DATE: WEDNESDAY, June 9, 1993                   TAG: 9306090250
SECTION: NATIONAL/INTERNATIONAL                    PAGE: A-1   EDITION: METRO 
SOURCE: The New York Times
DATELINE: WASHINGTON                                LENGTH: Medium


CLINTON BACKS OFF BTU TAX

Warned by leading Democratic senators that he was probably facing defeat, President Clinton backed away on Tuesday from his proposal for a new tax based on the heat content of fuels.

Later, Democrats in the Senate met for more than two hours over lunch to try to forge a compromise that would be acceptable to the White House and could command a majority in the Senate. No consensus was reached, but senators said afterward that a different form of energy tax was still likely.

This change of position is by far the biggest concession the president has yet made in his economic plan. But if the rest of the plan is enacted more or less intact, it will be considered a major political victory for the new administration.

The Clinton proposal was vigorously opposed by energy-intensive industries, like petrochemicals, that believe their products would lose a competitive edge in international markets, and by states where those industries are concentrated.

The new version of the energy tax, like the old one, is expected to apply to all forms of fuel, but it would be smaller. Different forms of taxes under consideration would affect various businesses and regions differently.

As recently as last weekend, Clinton's top economic advisers insisted publicly that a tax based on the number of British thermal units generated by different forms of energy was an essential element in his economic plan. A Btu is the amount of energy required to raise the temperature of a pound of water 1 degree Fahrenheit.

But at a picture-taking session on Tuesday morning before he met with congressional leaders from both parties, Clinton carefully avoided saying he would insist on a such a tax.

At a news briefing afterward, the president's press secretary, Dee Dee Myers, clearly following the instructions of her superiors, repeated over and over again every time she was asked about a Btu tax that Clinton was "committed to a broad-based energy tax."

Treasury Secretary Lloyd Bentsen said on Tuesday night, "It will not be a Btu tax."

Tuesday's statements were in sharp contrast with what officials said in public over the weekend.

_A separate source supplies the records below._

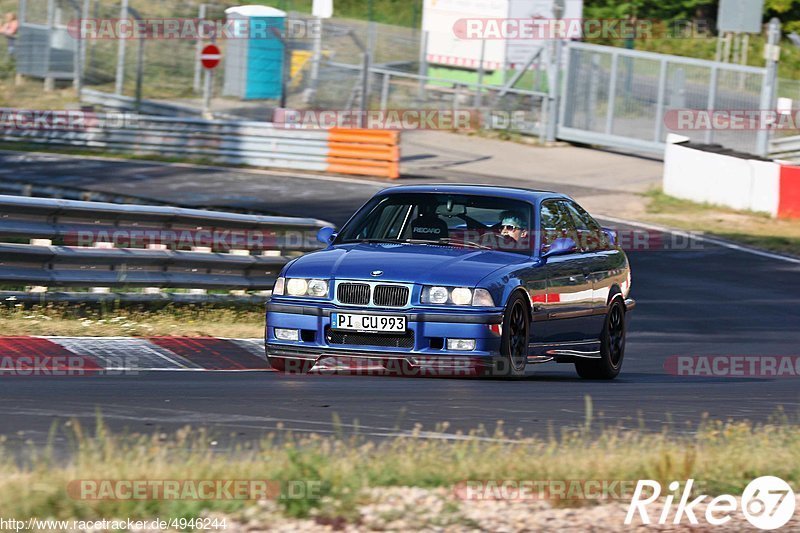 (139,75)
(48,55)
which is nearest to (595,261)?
(139,75)

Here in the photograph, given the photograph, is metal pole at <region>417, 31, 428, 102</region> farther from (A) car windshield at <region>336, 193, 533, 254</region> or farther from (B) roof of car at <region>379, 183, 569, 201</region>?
(A) car windshield at <region>336, 193, 533, 254</region>

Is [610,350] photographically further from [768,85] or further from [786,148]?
[786,148]

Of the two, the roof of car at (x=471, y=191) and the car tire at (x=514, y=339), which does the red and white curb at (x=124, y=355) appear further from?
the car tire at (x=514, y=339)

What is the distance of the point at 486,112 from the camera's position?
36.3m

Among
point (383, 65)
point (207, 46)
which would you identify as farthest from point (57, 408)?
point (383, 65)

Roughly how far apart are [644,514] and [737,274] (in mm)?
14598

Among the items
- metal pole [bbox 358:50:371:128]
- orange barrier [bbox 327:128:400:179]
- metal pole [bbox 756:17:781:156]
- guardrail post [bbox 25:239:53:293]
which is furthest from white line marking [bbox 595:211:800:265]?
guardrail post [bbox 25:239:53:293]

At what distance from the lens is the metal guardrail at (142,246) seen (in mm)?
11633

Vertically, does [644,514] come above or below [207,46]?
below

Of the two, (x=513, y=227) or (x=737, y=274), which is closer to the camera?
(x=513, y=227)

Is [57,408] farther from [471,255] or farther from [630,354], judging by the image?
[630,354]

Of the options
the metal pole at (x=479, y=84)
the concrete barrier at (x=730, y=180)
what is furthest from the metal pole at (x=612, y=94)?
the concrete barrier at (x=730, y=180)

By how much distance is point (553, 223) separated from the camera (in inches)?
418

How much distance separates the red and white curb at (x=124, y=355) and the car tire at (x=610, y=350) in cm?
259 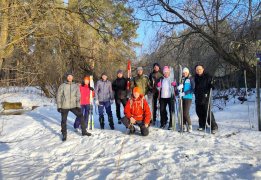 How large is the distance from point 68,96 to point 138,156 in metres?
2.55

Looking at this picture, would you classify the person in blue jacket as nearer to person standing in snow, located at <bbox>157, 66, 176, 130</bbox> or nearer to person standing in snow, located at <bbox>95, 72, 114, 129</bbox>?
person standing in snow, located at <bbox>157, 66, 176, 130</bbox>

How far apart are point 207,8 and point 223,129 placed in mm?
4594

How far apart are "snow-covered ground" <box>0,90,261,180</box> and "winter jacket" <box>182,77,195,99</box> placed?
1055 mm

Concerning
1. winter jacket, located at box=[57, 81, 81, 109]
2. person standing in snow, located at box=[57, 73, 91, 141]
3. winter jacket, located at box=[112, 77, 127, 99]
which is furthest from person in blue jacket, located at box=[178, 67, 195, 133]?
winter jacket, located at box=[57, 81, 81, 109]

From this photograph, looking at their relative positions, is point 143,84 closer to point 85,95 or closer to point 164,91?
point 164,91

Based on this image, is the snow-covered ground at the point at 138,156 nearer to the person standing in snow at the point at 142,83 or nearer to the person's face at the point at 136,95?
the person's face at the point at 136,95

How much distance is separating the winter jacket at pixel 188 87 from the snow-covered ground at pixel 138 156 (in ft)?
3.46

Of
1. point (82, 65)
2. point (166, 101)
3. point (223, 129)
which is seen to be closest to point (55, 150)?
point (166, 101)

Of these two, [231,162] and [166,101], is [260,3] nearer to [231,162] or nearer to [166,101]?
[166,101]

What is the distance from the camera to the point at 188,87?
5184mm

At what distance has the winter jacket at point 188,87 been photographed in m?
5.10

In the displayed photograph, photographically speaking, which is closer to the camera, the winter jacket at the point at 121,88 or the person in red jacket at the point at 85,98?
the person in red jacket at the point at 85,98

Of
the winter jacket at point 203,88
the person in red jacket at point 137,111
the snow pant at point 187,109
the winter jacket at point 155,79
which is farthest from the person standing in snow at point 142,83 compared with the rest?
the winter jacket at point 203,88

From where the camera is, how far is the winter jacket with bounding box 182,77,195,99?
5098mm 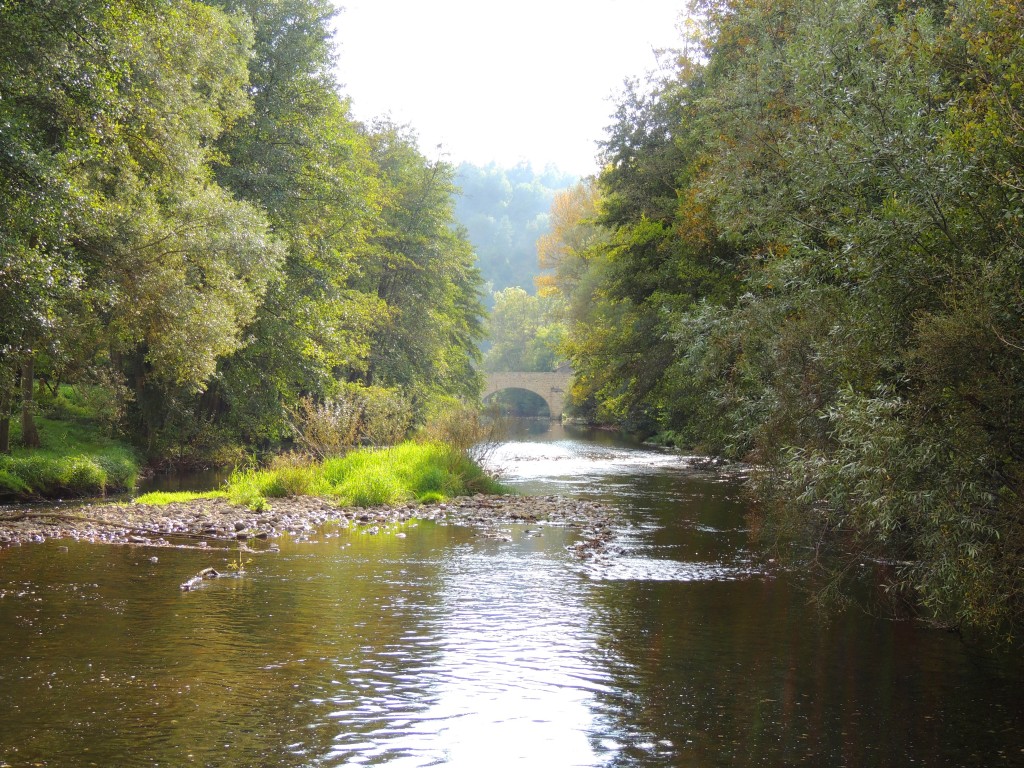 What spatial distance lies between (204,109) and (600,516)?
12.5 m

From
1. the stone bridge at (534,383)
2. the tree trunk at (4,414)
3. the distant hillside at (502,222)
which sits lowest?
the tree trunk at (4,414)

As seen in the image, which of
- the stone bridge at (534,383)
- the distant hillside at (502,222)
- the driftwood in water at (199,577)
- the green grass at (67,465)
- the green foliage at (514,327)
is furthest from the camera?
the distant hillside at (502,222)

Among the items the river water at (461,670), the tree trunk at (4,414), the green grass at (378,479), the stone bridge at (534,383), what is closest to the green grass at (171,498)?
the green grass at (378,479)

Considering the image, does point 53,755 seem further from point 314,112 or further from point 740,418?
point 314,112

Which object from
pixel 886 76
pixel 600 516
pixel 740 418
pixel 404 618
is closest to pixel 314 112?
pixel 600 516

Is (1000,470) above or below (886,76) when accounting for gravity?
below

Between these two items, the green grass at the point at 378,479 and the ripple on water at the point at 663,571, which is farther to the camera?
the green grass at the point at 378,479

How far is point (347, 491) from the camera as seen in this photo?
65.1 feet

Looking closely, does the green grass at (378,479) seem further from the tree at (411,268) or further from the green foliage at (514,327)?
the green foliage at (514,327)

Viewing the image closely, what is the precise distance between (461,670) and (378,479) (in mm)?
12107

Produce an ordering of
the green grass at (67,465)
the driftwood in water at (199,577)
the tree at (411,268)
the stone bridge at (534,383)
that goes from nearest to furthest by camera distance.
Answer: the driftwood in water at (199,577) → the green grass at (67,465) → the tree at (411,268) → the stone bridge at (534,383)

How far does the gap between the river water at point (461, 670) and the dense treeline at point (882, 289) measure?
3.66 feet

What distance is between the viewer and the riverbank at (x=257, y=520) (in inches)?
554

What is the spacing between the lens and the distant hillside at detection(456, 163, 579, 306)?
500 feet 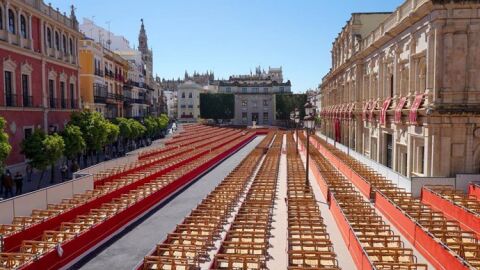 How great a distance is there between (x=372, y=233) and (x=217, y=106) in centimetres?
9689

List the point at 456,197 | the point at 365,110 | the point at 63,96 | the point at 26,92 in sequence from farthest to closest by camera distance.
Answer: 1. the point at 63,96
2. the point at 365,110
3. the point at 26,92
4. the point at 456,197

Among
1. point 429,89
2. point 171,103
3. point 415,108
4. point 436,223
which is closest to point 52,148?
point 436,223

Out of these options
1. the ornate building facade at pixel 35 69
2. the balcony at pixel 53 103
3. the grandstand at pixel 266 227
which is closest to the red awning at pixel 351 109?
the grandstand at pixel 266 227

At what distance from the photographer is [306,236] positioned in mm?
13836

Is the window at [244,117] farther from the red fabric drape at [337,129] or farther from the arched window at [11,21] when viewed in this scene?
the arched window at [11,21]

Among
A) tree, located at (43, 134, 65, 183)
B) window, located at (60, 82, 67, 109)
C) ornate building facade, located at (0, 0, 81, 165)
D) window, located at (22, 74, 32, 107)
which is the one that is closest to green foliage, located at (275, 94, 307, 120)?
ornate building facade, located at (0, 0, 81, 165)

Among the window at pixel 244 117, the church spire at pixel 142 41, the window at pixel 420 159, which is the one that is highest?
the church spire at pixel 142 41

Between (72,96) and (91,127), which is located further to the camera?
(72,96)

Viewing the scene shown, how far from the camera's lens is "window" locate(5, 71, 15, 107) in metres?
28.4

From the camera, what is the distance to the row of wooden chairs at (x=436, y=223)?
38.2ft

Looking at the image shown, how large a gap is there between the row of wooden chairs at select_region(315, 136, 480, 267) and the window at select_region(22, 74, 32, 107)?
1015 inches

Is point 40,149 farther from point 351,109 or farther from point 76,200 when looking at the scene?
point 351,109

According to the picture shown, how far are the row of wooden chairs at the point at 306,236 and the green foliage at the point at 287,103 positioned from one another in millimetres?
87571

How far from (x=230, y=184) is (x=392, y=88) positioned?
1675cm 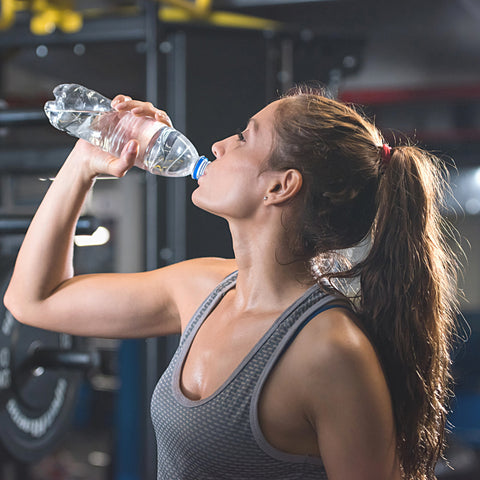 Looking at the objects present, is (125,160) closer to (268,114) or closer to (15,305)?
(268,114)

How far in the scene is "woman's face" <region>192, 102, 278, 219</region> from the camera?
1.06 metres

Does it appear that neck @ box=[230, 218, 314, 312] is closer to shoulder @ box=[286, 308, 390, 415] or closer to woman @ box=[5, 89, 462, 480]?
woman @ box=[5, 89, 462, 480]

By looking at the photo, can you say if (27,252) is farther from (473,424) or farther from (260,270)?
(473,424)

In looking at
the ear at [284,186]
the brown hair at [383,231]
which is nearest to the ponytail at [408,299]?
the brown hair at [383,231]

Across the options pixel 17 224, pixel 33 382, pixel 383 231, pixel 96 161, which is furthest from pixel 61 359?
pixel 383 231

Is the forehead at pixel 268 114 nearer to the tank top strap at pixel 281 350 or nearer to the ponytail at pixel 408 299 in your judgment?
the ponytail at pixel 408 299

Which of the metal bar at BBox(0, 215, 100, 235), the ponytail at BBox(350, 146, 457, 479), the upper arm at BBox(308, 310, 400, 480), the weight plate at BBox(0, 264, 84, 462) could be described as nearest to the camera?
the upper arm at BBox(308, 310, 400, 480)

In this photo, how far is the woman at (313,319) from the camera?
94cm

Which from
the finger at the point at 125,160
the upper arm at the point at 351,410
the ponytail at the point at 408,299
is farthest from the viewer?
the finger at the point at 125,160

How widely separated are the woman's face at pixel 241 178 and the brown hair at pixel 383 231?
25mm

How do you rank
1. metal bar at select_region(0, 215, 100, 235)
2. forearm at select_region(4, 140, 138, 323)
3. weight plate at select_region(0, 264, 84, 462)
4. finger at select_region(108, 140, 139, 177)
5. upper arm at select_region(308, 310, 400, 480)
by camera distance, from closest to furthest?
upper arm at select_region(308, 310, 400, 480) < finger at select_region(108, 140, 139, 177) < forearm at select_region(4, 140, 138, 323) < metal bar at select_region(0, 215, 100, 235) < weight plate at select_region(0, 264, 84, 462)

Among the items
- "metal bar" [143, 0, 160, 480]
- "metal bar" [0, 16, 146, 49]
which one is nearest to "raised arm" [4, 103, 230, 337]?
"metal bar" [143, 0, 160, 480]

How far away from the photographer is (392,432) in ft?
3.14

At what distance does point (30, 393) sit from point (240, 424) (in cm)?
124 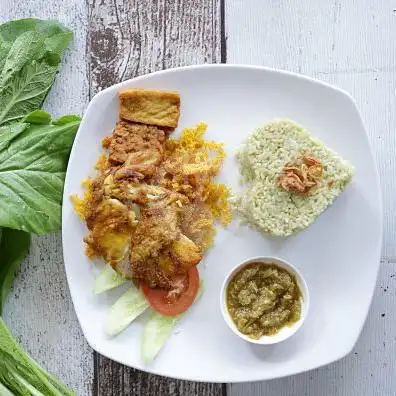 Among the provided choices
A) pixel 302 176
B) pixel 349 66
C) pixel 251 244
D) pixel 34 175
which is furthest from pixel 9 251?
pixel 349 66

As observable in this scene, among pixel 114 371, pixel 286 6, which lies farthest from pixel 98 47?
pixel 114 371

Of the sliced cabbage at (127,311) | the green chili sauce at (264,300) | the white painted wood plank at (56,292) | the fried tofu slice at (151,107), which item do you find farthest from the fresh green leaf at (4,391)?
the fried tofu slice at (151,107)

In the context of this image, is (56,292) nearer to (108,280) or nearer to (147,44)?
(108,280)

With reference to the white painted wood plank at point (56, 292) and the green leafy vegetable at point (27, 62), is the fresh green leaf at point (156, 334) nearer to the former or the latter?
the white painted wood plank at point (56, 292)

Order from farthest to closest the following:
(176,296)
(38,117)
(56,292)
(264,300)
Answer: (56,292)
(38,117)
(176,296)
(264,300)

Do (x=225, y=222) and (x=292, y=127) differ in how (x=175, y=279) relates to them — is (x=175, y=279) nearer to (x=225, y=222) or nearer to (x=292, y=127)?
(x=225, y=222)

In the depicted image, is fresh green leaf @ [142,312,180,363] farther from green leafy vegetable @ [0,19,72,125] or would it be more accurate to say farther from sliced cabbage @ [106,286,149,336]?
green leafy vegetable @ [0,19,72,125]

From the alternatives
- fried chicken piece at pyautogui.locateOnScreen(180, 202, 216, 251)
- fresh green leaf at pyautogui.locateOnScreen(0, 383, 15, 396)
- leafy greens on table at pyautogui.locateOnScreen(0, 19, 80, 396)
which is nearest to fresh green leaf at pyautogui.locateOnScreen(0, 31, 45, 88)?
leafy greens on table at pyautogui.locateOnScreen(0, 19, 80, 396)
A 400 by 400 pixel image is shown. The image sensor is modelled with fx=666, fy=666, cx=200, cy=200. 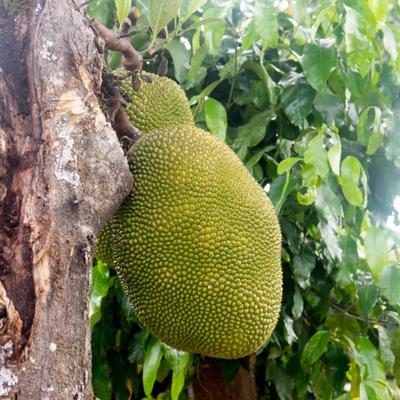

For example, after meeting with the president on Sunday morning, Leon E. Panetta, the budget director, said, "We want to maintain a Btu tax," and he called it "one of the basic principles of the administration's program.

Clinton had said for months that his energy tax was essential because it was the fairest and most environmentally sound way to raise revenue to lower the budget deficit.

The change in course apparently followed Clinton's meeting Monday evening with his main economic advisers and Sens. George J. Mitchell of Maine and Daniel Patrick Moynihan of New York. Mitchell, the majority leader, and Moynihan, the chairman of the Finance Committee, are the most important Democratic senators on tax and budget matters.

According to an official who was there, the senators told the president that prospects for Senate approval of the fuel tax in the form he proposed it were "extremely gloomy."

Clinton, the official reported, said little and mostly listened. But at one point he was said to have emphasized how important it was for him to win Senate approval of his budget plan before he goes to Tokyo early next month for the meeting of the heads of state of the Group of Seven industrialized countries.